Wie im Roman wird auch der Film aus der zentralen Perspektive von Cassie erzählt, toll gespielt von Chloë Grace Moretz. Auf ihren Schultern lastet ein Großteil des Films und sie schafft es erneut, den Zuschauer für sich zu gewinnen. Der Auftakt und Aufbau der gesamten Rahmenhandlung wirken rund und vor allem Regisseur J Blakeson ist es zu verdanken, dass die Invasionsstory nicht schon wieder mit Trickeffekten ertränkt wird und sich auf einige wenige, dafür nachhaltige Momente der Zerstörung konzentriert wird, bei denen die Figuren im Mittelpunkt stehen. Das Resultat sind gerade zu Beginn viele Momente, die trotz der FSK-12-Freigabe erstaunlich brutal auf den Zuschauer einwirken, teils in der Darstellung, teils in ihrer emotionalen Wucht. Die erste Hälfte ist es, die Die 5. Welle zu einem sehr gelungenen Kinofilm macht, dessen Qualität mit zunehmender Laufzeit dann aber abnimmt.
Schuld tragen die zweite Hälfte und deren Wahrnehmung, die stark von der persönlichen Filmerfahrung abhängt. Während der erste Part mit vielen kreativen Ideen daherkommt, wirkt die zweite Hälfte wie eine Vermischung vieler Motive aus anderen Filmen und Romanen. Der Zuschauer spürt deutlich, wie sich Rick Yancey in seinem Roman von anderen Werken inspirieren ließ und alles einbaute, was seiner Meinung nach gerade passt oder sogar hip genug ist, sich gut vermarkten zu lassen. Wie wäre es mit ein paar Kindersoldaten, die Krieg spielen? Weckt prompt Erinnerungen an Die Tribute von Panem. Wie wäre es mit einer unglaublich aufgesetzten Liebesgeschichte mit Fremdschämpotential im Seelen-Format? Dazu ein wenig dystopische Wanderstimmung wie in The Road und das alles mit noch vielen weiteren Werken mal mehr mal weniger gemixt. Während sich jüngere Zuschauer nicht daran stören und von daher eher einen guten Kinofilm erleben dürften, werden ältere Zuschauer durch die Vorhersehbarkeit immer wieder herausgerissen, zu offensichtlich sind die einzelnen Elemente.

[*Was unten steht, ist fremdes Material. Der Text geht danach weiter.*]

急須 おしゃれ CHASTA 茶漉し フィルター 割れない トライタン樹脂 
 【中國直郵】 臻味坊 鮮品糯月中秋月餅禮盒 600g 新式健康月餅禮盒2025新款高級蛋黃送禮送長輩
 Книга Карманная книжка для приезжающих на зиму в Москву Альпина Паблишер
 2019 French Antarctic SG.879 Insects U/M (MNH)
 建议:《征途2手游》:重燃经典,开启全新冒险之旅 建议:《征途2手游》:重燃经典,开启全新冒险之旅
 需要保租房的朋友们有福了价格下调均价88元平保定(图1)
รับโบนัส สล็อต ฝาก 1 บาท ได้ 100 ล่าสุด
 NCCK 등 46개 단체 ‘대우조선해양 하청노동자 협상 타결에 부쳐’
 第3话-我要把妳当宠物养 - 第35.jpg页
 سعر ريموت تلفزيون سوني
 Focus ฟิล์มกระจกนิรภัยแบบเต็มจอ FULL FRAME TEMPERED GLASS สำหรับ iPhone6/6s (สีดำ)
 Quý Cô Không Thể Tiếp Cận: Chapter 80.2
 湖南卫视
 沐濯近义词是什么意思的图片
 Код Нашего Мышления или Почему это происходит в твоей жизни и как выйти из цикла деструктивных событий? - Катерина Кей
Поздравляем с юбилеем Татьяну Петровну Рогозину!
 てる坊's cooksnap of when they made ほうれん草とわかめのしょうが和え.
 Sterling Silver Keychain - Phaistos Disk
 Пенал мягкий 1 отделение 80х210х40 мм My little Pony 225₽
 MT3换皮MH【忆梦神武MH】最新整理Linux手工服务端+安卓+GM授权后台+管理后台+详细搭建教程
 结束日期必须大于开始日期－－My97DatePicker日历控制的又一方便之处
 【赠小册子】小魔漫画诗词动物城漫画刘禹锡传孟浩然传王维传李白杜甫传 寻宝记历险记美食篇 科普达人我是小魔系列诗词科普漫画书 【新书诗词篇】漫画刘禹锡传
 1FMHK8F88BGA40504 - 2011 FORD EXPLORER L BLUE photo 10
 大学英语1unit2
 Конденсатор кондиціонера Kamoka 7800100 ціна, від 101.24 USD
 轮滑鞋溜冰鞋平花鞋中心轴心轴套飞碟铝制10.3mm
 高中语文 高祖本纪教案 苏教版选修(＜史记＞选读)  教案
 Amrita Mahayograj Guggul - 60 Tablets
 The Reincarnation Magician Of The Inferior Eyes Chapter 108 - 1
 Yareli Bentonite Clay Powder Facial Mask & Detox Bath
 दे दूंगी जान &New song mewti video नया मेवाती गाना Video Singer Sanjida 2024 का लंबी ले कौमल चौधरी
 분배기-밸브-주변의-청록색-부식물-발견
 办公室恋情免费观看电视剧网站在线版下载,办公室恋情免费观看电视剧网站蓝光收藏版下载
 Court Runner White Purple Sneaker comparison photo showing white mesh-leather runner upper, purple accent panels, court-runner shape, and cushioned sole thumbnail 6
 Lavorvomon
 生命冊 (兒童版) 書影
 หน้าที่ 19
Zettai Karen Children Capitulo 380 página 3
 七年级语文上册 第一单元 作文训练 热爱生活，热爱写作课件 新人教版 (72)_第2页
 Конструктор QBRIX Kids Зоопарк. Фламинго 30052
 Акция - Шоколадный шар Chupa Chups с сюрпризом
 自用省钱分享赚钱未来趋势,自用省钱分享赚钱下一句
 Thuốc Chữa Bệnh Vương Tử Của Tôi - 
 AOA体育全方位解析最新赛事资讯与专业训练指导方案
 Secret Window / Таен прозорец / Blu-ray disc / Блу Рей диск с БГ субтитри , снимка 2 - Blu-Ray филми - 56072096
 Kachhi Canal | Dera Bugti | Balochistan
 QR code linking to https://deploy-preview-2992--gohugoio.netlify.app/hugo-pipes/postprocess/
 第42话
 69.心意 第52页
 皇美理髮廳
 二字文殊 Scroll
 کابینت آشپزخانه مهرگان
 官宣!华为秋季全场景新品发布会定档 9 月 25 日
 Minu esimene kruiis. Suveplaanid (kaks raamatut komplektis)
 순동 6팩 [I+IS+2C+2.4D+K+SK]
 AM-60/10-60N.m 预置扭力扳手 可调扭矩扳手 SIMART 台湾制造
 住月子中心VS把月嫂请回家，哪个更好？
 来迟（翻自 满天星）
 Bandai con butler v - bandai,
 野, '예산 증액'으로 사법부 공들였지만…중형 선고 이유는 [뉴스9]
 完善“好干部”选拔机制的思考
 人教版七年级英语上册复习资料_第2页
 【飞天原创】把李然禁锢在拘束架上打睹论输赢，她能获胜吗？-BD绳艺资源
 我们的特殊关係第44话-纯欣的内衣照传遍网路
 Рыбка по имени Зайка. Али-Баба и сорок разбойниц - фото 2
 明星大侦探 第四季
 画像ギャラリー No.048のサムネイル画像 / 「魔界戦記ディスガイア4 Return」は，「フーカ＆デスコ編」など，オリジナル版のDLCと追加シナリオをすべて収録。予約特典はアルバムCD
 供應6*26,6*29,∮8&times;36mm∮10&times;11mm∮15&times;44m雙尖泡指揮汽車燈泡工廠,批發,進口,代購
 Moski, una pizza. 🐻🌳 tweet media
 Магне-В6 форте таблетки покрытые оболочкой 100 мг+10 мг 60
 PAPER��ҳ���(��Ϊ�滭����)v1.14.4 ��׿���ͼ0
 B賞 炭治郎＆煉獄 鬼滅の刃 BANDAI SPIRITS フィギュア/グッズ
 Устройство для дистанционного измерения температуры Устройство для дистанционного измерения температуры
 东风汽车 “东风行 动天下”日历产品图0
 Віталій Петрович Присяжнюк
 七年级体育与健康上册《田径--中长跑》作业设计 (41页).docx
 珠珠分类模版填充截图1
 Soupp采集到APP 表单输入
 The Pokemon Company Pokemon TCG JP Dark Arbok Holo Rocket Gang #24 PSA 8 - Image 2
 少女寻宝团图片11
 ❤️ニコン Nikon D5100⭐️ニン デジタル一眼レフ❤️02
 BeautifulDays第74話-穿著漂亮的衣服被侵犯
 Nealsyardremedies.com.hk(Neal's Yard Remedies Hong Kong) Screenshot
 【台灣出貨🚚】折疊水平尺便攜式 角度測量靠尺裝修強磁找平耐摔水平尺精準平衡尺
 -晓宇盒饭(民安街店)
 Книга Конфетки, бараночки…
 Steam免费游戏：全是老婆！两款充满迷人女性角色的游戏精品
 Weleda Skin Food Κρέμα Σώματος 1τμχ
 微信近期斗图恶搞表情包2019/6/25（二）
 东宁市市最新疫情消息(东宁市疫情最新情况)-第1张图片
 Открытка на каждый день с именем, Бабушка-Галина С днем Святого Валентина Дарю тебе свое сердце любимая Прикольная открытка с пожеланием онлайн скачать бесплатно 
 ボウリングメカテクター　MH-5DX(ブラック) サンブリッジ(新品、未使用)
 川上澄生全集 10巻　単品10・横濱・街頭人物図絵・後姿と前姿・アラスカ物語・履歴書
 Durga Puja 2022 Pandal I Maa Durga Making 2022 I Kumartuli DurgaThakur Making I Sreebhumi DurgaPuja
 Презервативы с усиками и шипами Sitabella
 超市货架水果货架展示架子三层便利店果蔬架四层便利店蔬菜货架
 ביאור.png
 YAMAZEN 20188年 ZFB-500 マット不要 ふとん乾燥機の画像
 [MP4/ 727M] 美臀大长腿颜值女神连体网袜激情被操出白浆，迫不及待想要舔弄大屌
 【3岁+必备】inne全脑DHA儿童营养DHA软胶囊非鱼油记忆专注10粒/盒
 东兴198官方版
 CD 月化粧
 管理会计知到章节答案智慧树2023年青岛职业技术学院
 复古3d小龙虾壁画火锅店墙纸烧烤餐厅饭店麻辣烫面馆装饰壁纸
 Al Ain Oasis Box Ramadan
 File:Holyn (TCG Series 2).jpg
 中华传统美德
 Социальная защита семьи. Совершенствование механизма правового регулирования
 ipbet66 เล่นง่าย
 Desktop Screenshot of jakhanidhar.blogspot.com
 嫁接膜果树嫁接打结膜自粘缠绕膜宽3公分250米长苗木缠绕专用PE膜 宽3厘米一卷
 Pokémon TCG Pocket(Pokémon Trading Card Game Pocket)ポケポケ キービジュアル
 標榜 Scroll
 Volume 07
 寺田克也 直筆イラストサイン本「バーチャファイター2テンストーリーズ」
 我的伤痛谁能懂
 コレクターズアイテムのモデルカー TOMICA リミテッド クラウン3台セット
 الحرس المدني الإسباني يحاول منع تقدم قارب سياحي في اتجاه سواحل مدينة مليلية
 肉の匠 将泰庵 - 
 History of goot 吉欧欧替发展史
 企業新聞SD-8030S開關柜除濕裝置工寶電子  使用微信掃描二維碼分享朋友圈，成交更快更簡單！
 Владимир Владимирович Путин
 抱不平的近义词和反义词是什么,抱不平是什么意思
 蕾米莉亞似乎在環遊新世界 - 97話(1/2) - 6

Unverzeihlich bleibt hingegen der "Wohlfühlfaktor", der sich in der zweiten Hälfte breitmacht. Überrascht Die 5. Welle zu Beginn immer wieder mit einzelnen Szenen der Gewalt, gibt es in der zweiten Hälfte keinen Schmutz mehr. Tagelange Märsche durch Wälder und zerstörte Städte haben keinen Einfluss auf die Protagonisten: Staub, Blut, Dreck, Schweiß in den Gesichtern und auf der Kleidung sind nicht zu entdecken, denn wir lernen, ein Gewaltmarsch während der Apokalypse kann zwar anstrengend sein, liefert aber keinen Grund, auf einen strahlend schönen Teint verzichten zu müssen.
Sony Pictures hat sich beim Versuch, den nächsten großen Wurf bei Jugendbuchadaptionen hinzubekommen, auf die Romanreihe von Rick Yancey eingeschossen. Die Intention, die Reihe im Kino abzuschließen, erkennen wir aber noch nicht. Zwar steht Die 5. Welle in einem gewissen Umfang für sich selbst, aber viele offene Fragen bleiben und wir haben so unsere berechtigten Zweifel, ob wir im Kino jemals einen Abschluss der Reihe erleben werden - die Vorahnung einer weiteren begonnen, aber nicht vollendeten Adaption lastet schwer auf diesem Film. Und so könnte sich Die 5. Welle neben Percy Jackson - Diebe im Olymp, Ich bin Nummer 4 und Eragon - Das Vermächtnis der Drachenreiter nahtlos einreihen.
Die 5. Welle Bewertung
Die 5. Welle ist besser geworden als wir erwartet haben und schafft es dennoch nicht, vollends zu überzeugen. Viele starke Momente und tolle Schauspieler stehen einer Reihe von Szenen gegenüber, die unnötig sind und dem versierten Filmfan Kopfschmerzen bereiten. Wäre Die 5. Welle ein leckeres Gericht, dann wäre der Film am besten mit der klassischen Pampe zu vergleichen: Ein schön vermatschter Haufen all jener Speisen, die vorher auf dem Teller nett angerichtet waren. Das Ergebnis sieht nicht besonders lecker aus und man würde es niemandem direkt vorsetzen, aber schmecken tut es dennoch, solange nichts mit reingerührt wurde, was einfach nicht passt.